**WHAT THE TASK ASKS**
The answer must consist solely of the lines from the one containing "Directions Extra Large" through the last line of the records, set down exactly and without any pictures.
DATA SUPPLIED START
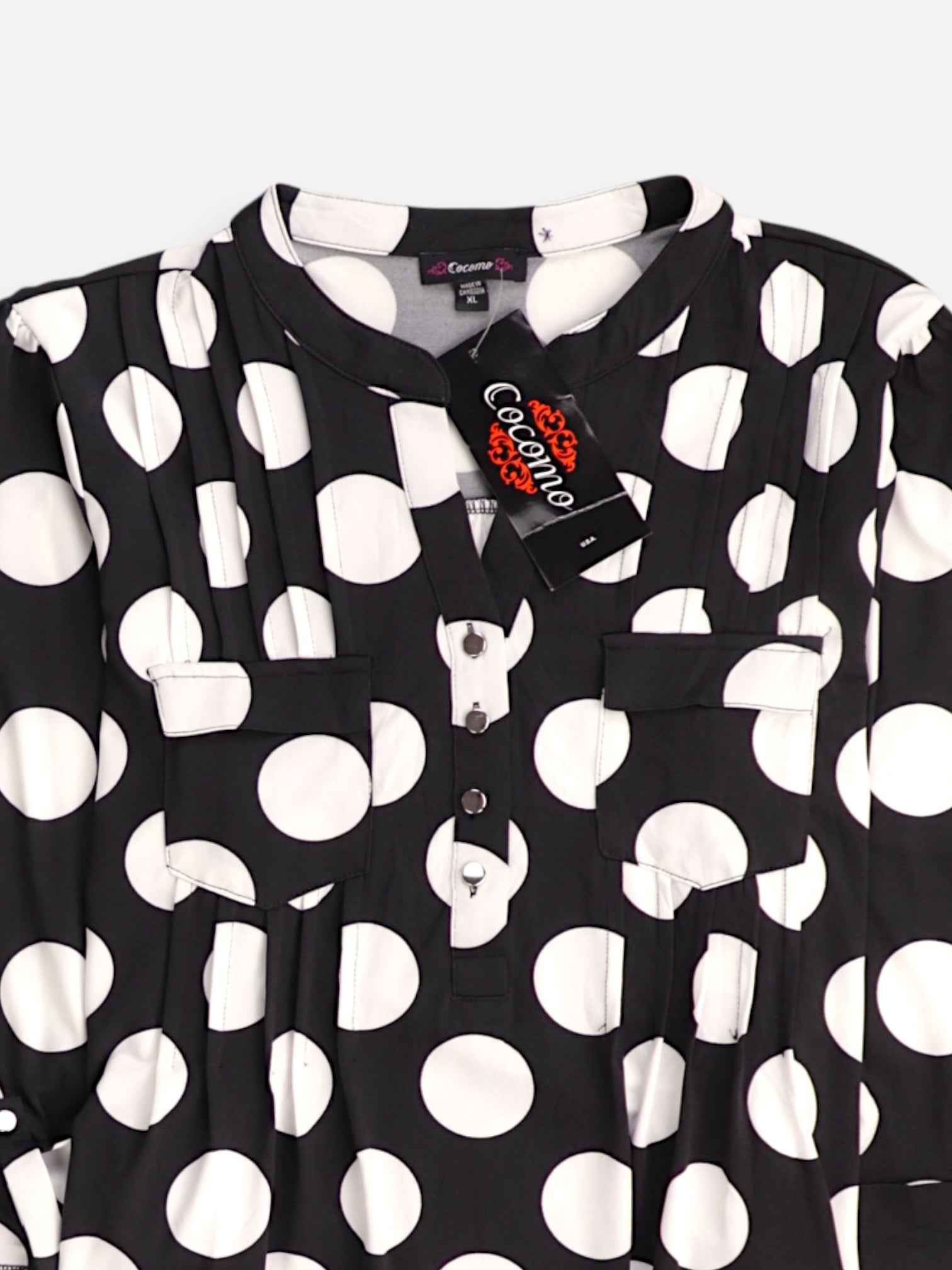 Blusa Casual - Mujer - XL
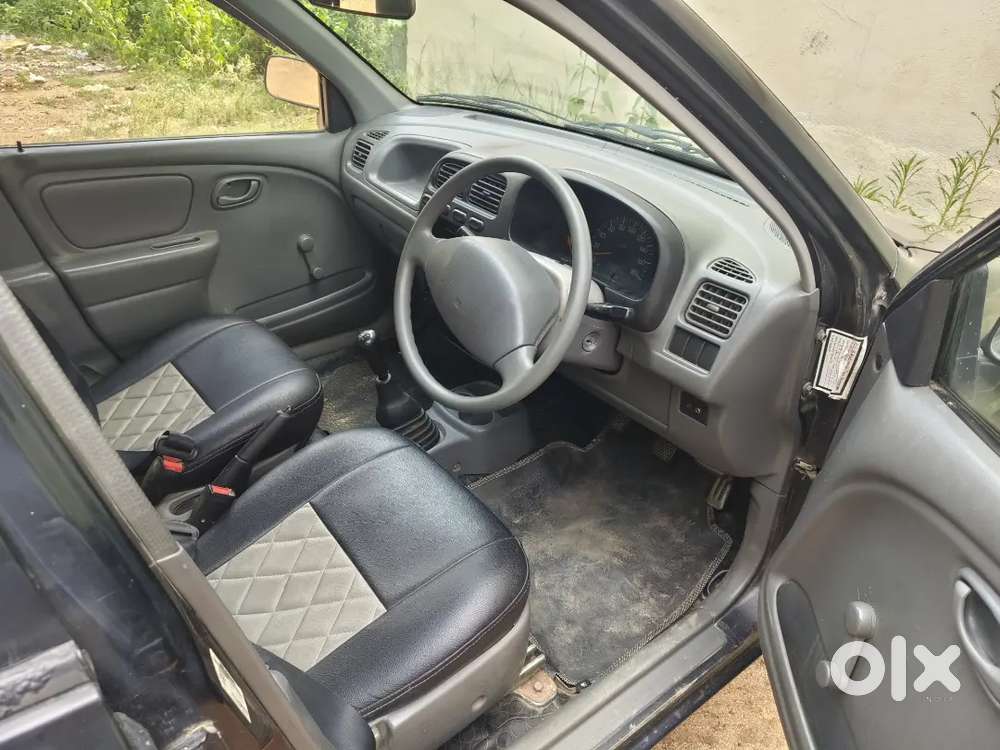 Maruti Suzuki Alto 2004 Petrol Good Condition
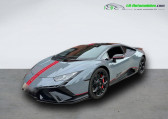 Lamborghini Huracan occasion année 2023 boite Automatique Annonce Lamborghini Huracan occasion Essence Tecnica 5.2 V10 640 RWD LDF7 à Beaupuy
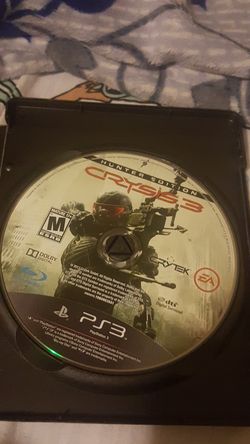 Crysis 3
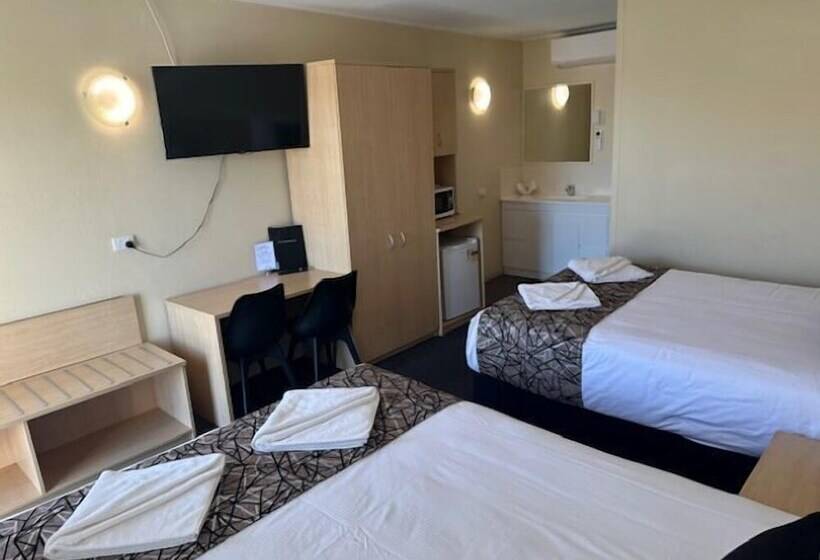 Номер Economy, City Centre Motel Kempsey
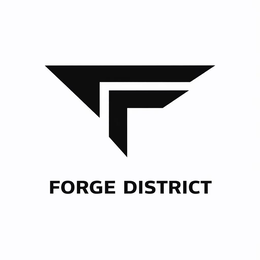F FORGE DISTRICT trademark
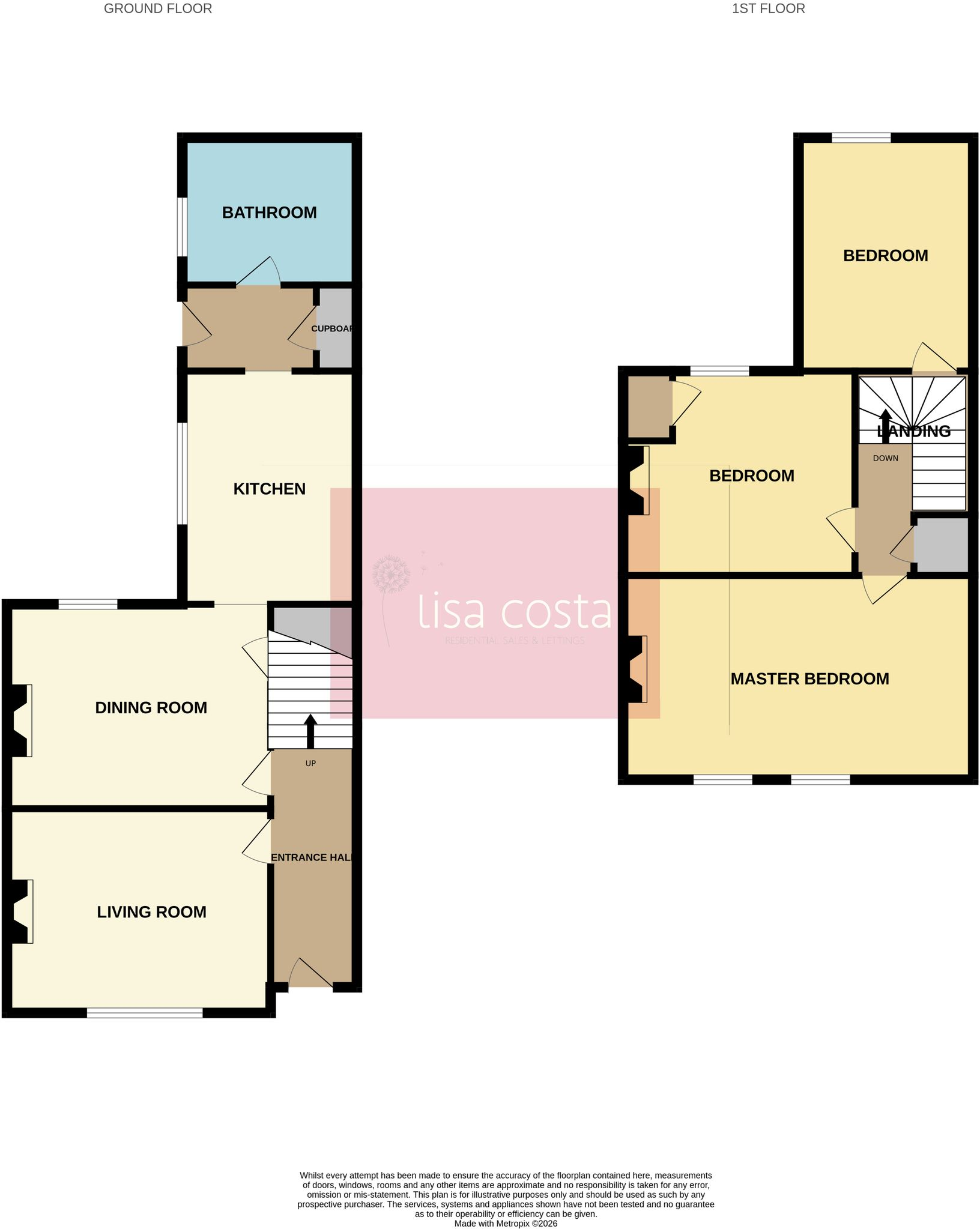 Berrycroft, Berkeley, GL13 floorplan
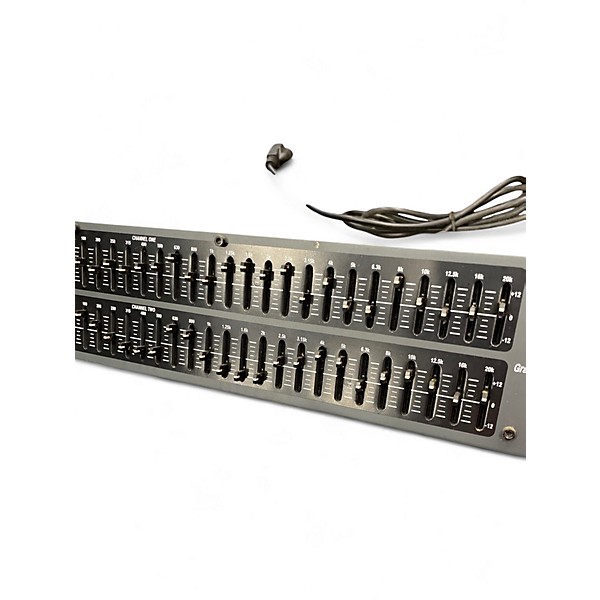 Used dbx 231 Dual 31-Band Graphic Equalizer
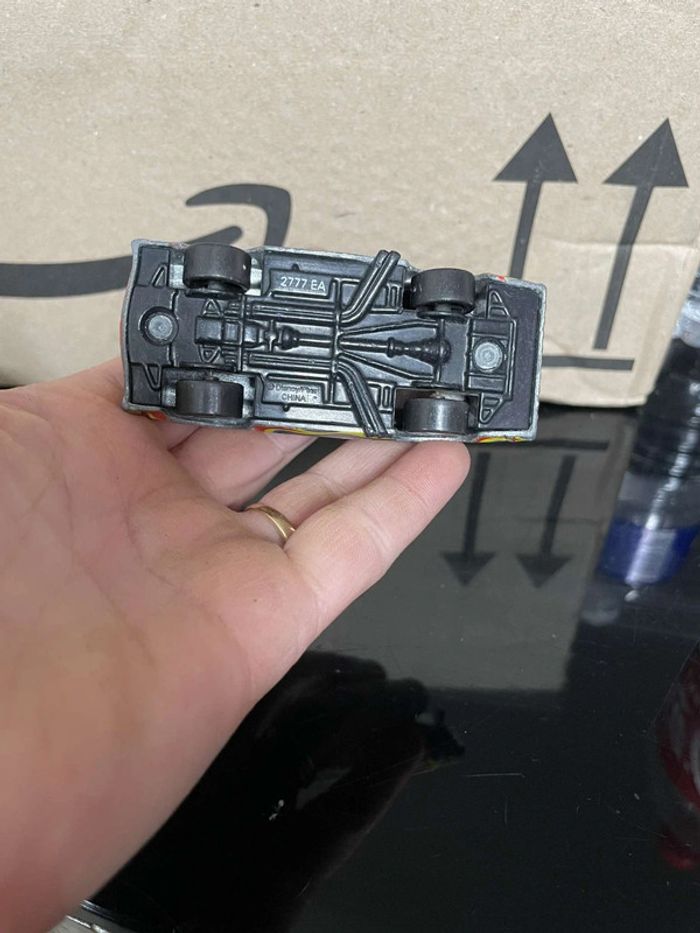 Voiture Cars Darrell Cartrip Disney Pixar - photo numéro 8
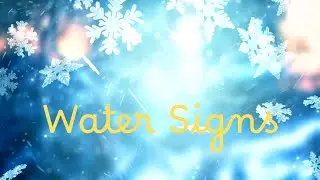 Знаки водной стихии сейчас - 19.01.2026 #рак #рыбы #скорпион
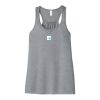 Women's Flowy Racerback Tank Thumbnail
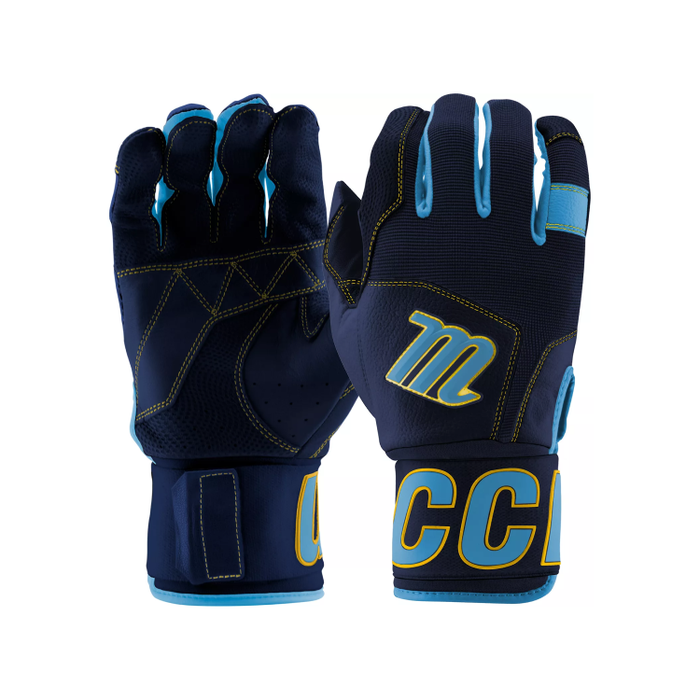 Marucci Youth Blacksmith V2 Batting Gloves (image 3)
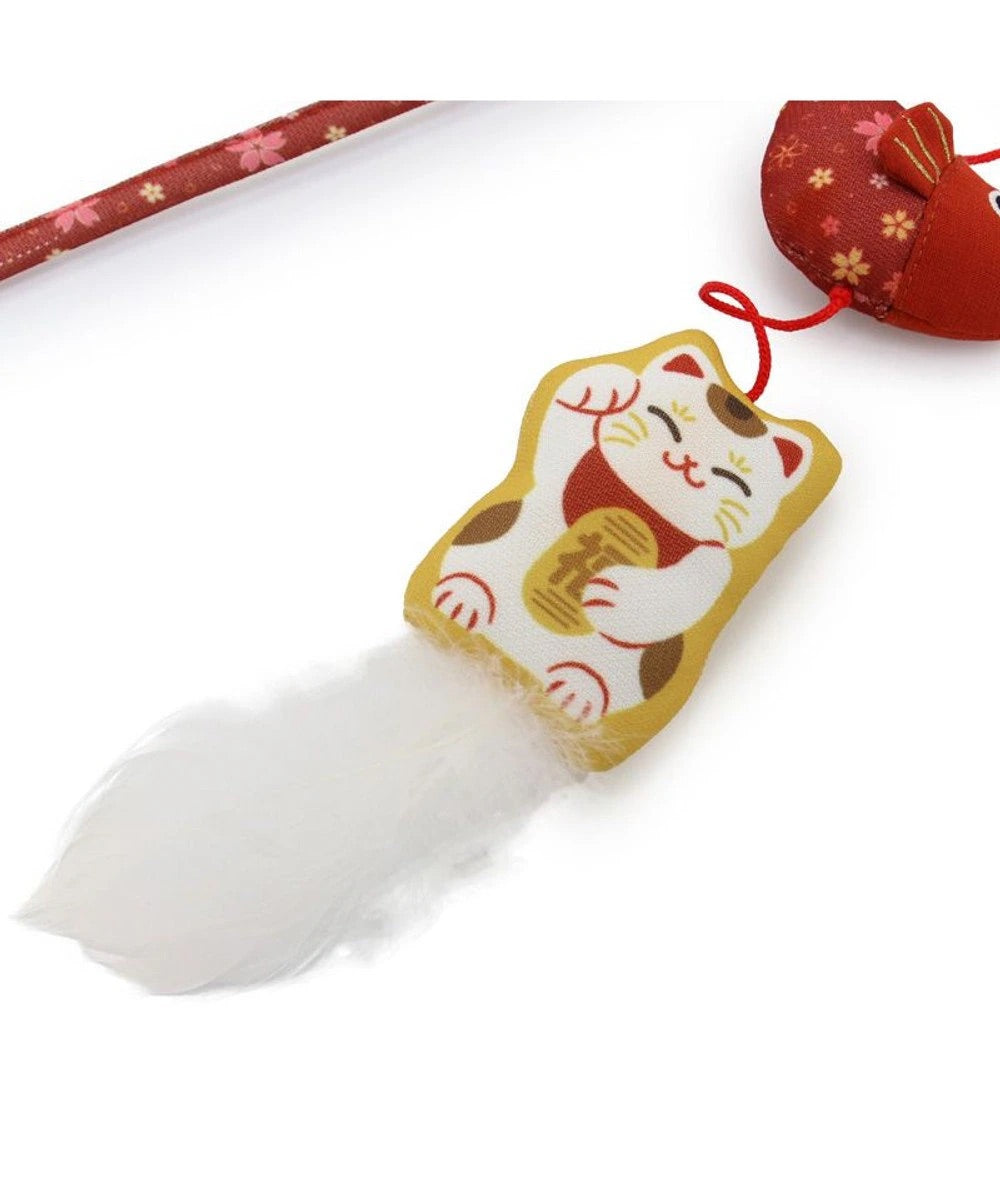 Cat Toy Japanese Lucky Cat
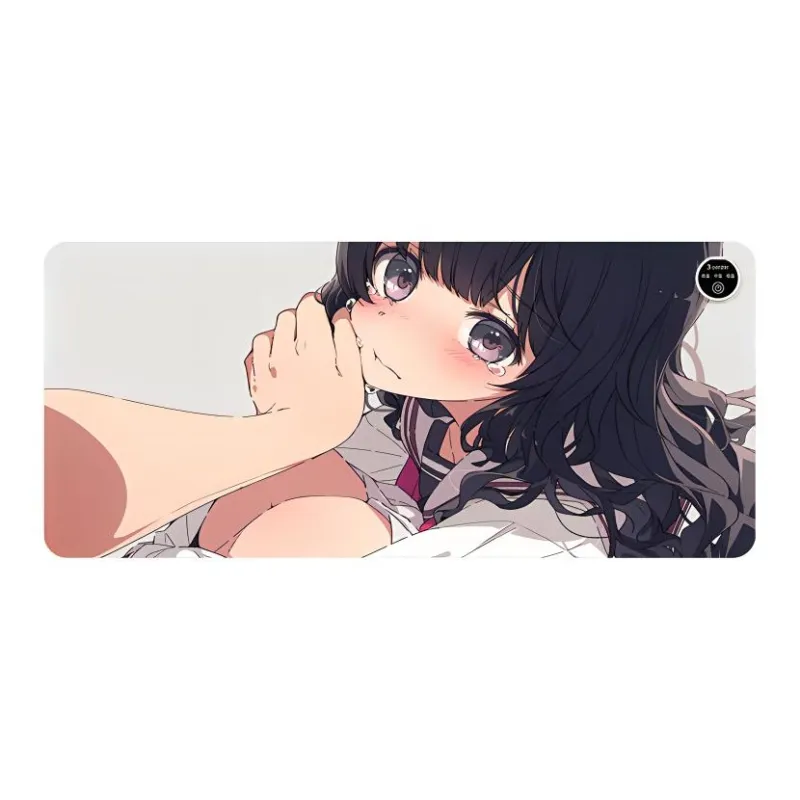 Directions Extra Large Heating Desk Pad LY981 990 For Students Dormitory Office Writing Mouse Pads-2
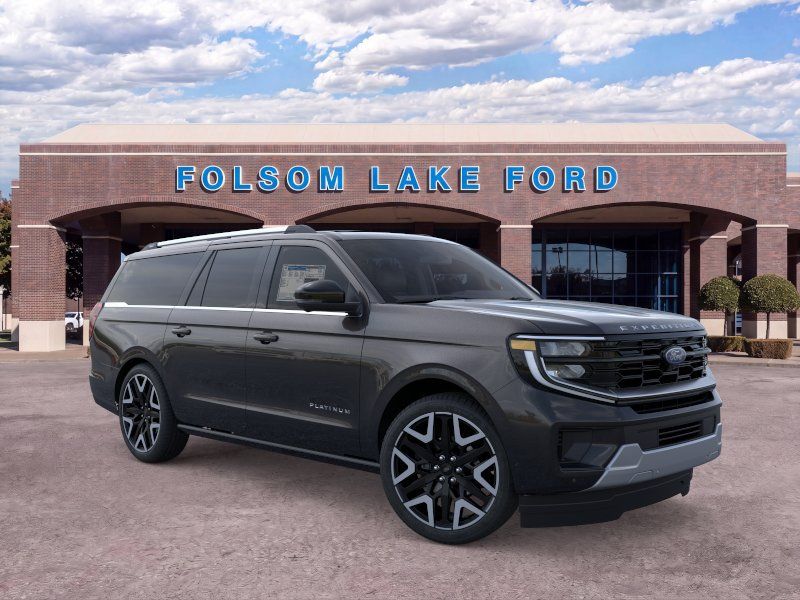 New 2026 Ford Expedition Max Platinum w/ Platinum Ultimate Package AWD/4WD image 7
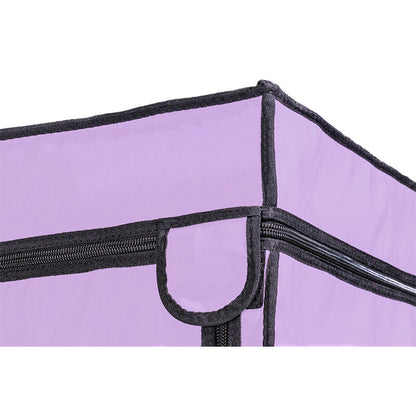 Kink club cabina bukkake morado – Secret Dome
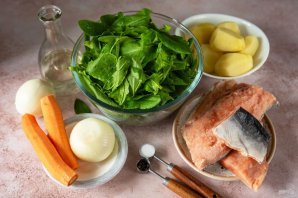 Щи рахмановские Щи рахмановские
DATA SUPPLIED END
**ANSWER TO THE PROBLEM**
 Directions Extra Large Heating Desk Pad LY981 990 For Students Dormitory Office Writing Mouse Pads-2
 New 2026 Ford Expedition Max Platinum w/ Platinum Ultimate Package AWD/4WD image 7
 Kink club cabina bukkake morado – Secret Dome
 Щи рахмановские Щи рахмановские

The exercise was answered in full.